Summer White Bean Ragout
This might be my favorite recipe of the summer. It’s a quick ragout of hearty white beans and sweet summer tomatoes in a robustly flavored broth. I love how the tomatoes — just barely cooked — burst in your mouth when you bite into them, and how fresh basil, mint and a splash of balsamic vinegar liven the dish up. Serve it as a meatless main course, ideally with toasted garlic bread for sopping up the broth, or as a side dish to grilled meat.

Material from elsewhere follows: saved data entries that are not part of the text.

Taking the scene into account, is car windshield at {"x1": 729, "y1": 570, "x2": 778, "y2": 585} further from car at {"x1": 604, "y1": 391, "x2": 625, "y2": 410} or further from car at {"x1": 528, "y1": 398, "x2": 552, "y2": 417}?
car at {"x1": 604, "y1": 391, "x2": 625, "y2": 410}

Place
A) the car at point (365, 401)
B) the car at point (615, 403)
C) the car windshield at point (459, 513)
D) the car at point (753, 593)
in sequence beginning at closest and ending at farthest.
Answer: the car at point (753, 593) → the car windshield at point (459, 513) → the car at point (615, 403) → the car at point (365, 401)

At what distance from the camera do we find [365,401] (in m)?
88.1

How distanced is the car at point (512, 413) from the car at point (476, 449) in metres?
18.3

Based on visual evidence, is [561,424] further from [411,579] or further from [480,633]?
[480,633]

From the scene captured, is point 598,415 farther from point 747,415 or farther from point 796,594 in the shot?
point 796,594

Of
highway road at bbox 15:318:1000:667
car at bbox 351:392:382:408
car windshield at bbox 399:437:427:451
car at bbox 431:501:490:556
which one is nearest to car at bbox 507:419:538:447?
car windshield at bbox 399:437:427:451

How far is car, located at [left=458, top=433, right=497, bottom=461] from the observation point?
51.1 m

I suggest using dried beans if you can (it’s hardly any more work than putting them on the stove and forgetting about them) but canned will work fine in a pinch. Just be sure to use a brand you’re familiar with. I’ve had good results with Goya, but others — particularly the organic brands — can be downright mushy because they don’t contain any firming agents. Basically, if you want beans with a nice bite to them and wish to avoid the additives, the only way is to soak and cook the beans yourself.
Begin by cooking the onions in olive oil until soft and translucent. Add the garlic (I always use my garlic press) and cook for a minute more.

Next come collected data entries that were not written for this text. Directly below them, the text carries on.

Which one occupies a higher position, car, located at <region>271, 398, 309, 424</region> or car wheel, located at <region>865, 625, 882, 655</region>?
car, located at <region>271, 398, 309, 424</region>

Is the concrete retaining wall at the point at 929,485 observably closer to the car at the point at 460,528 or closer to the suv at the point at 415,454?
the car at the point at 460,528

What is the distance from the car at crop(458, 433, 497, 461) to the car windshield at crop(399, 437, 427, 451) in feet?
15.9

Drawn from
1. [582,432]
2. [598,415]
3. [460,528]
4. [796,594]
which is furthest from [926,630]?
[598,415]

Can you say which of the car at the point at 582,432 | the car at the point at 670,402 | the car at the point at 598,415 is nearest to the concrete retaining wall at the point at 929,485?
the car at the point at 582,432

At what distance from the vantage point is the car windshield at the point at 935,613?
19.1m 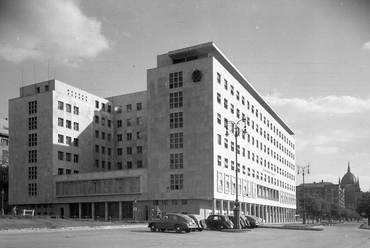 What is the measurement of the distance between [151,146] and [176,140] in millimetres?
4577

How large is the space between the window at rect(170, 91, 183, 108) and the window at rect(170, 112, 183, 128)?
56.0 inches

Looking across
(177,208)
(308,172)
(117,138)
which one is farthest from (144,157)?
(308,172)

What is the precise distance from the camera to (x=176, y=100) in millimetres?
73688

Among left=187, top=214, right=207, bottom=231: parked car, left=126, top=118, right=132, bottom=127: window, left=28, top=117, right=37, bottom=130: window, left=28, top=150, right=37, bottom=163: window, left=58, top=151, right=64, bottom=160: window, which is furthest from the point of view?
left=126, top=118, right=132, bottom=127: window

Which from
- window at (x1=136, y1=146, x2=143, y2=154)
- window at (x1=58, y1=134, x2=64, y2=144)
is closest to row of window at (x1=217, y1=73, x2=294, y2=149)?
window at (x1=136, y1=146, x2=143, y2=154)

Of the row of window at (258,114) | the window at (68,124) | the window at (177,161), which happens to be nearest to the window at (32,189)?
the window at (68,124)

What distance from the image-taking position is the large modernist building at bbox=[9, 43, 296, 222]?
71000mm

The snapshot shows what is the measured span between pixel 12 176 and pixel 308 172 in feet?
179

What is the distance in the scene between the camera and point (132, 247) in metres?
20.8

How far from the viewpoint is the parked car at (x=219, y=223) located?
130 feet

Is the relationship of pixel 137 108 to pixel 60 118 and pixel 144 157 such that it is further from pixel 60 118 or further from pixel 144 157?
pixel 60 118

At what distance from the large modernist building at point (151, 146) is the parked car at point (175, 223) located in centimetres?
2383

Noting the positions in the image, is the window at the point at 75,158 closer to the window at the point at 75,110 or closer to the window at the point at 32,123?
the window at the point at 75,110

Stir in the cherry tomatoes.
Then add the beans, chicken broth, tomato paste and balsamic vinegar.
Simmer for a few minutes to warm the beans and tomatoes, then season to taste with salt and pepper. Stir in the fresh herbs right before serving so they keep their pretty green color.
Summer White Bean Ragout
- 1/2 pound dried cannellini beans, soaked and cooked (or two 15-ounce cans, drained and well-rinsed, preferably Goya)
- 1/4 cup extra virgin olive oil
- 1-1/2 cups chopped yellow onions, from about one large or two small onions
- 3 large garlic cloves, minced
- 1 pint cherry or grape tomatoes, halved
- 1-1/2 cups low sodium chicken or vegetable broth
- 1-1/2 teaspoons tomato paste
- 1-1/2 teaspoons balsamic vinegar
- Salt and pepper
- 2 tablespoons fresh chopped basil
- 2 tablespoons fresh chopped mint
- Heat the olive oil in a large pan over medium heat. Cook the onions, stirring frequently, until soft and translucent, about 8 minutes. Do not brown. Add the garlic and cook one minute more.
- Add the tomatoes, beans, chicken broth, tomato paste and balsamic vinegar. Season with salt and pepper to taste. (I use about 1 teaspoon salt and 1/4 teaspoon pepper, but it depends on what type of beans you use; canned will have some salt already.) Bring to a simmer and cook until tomatoes are slightly softened but still hold their shape, 3-5 minutes. Taste for seasoning. Note that the sauce may have a strong vinegar flavor at first, but it will mellow out. Right before serving, stir in the fresh basil and mint. Transfer to serving dish, garnish with more fresh herbs if desired, and serve hot.